From the looks of it, the basic auth gets called on page load and the username can be stored in a variable but as it’s not in the actual app yet it would be stored as a global variable. Wouldn’t that get altered again then when another user starts using the page?
One solution I’ve been thinking of is to just start the app normally with two main divs. One with a login form and the rest hidden. Upon entering the right user/pass combo, the login form becomes hidden, and the rest of the page is unhidden with the contents dynamically created based on the username. The username would just be stored in a hidden intermediate value div.
This seems to be seemingly easier to implement and allow multiple users to use the same instance of the app with their own pages displayed. I am however concerned that there may be some inherent security risks that I am unaware of.
For security I’m planning to:
Store the user info in an sql database. Username will be in one table, a cryptographically-secure-pseudo-random salt in another database, and a hashed version of the combo of the password+salt in the same database/table as the username.
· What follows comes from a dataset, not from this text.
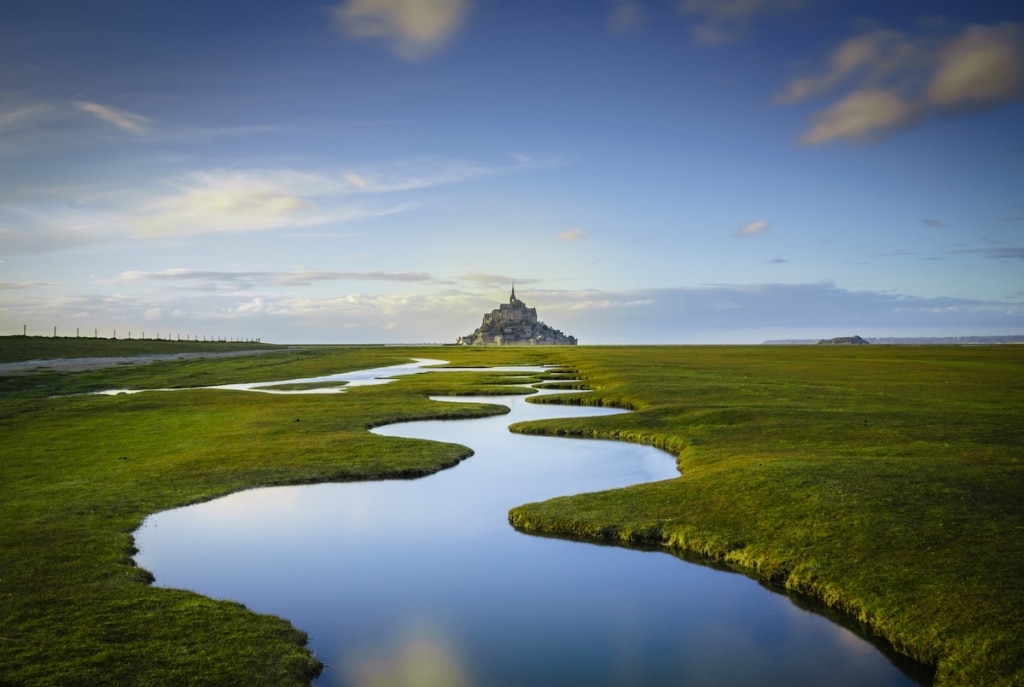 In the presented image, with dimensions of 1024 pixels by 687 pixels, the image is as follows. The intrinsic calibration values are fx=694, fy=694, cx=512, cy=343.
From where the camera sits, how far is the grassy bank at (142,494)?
1379cm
The password provided by the user attempting to login will be combined with the salt, hashed, and then compared to the stored hashed, password+salt combo. The login info for the sql server itself will be stored in a separate config file so all the app sees are variables.
I’ll be doing my best to check the inputs for SQL injection attacks as well.
Are there any things I haven’t thought of or reasons why this approach just wouldn’t work?
I’m looking to implement this in the near future but am unsure if this is the best way to proceed as I’m still pretty new to development. Perhaps someone more experienced like @chriddyp or @nedned can shed some light on the matter and as to why the method used in BasicAuth may be more desirable or highlight some fatal flaw in the method I’ve outlined.
Your solution sounds like a good one. We’ve worked with a client on a similar setup. Rather than using a separate div, userIDs were passed via the URL, and the entire app operated within an iframe, with JS handling the encryption. It worked beautifully, and yours should be very similar (except with the encryption being handled within python)
@charleyferrari I had looked into passing the userID to the URL but I read about some vulnerability doing that so I looked for something else. Now I’m not sure if the way you have implemented it would be vulnerable, but the scenario I read about went something like this:
If one user copy/pastes their custom URL and sends it to another person and then the other person just has to wait for the first person to be logged in at some point and is then able to access the page with the first person’s URL and the server thinks they’re logged in already and gives the second person access.
Something in the category of session fixation/session management vulnerabilities.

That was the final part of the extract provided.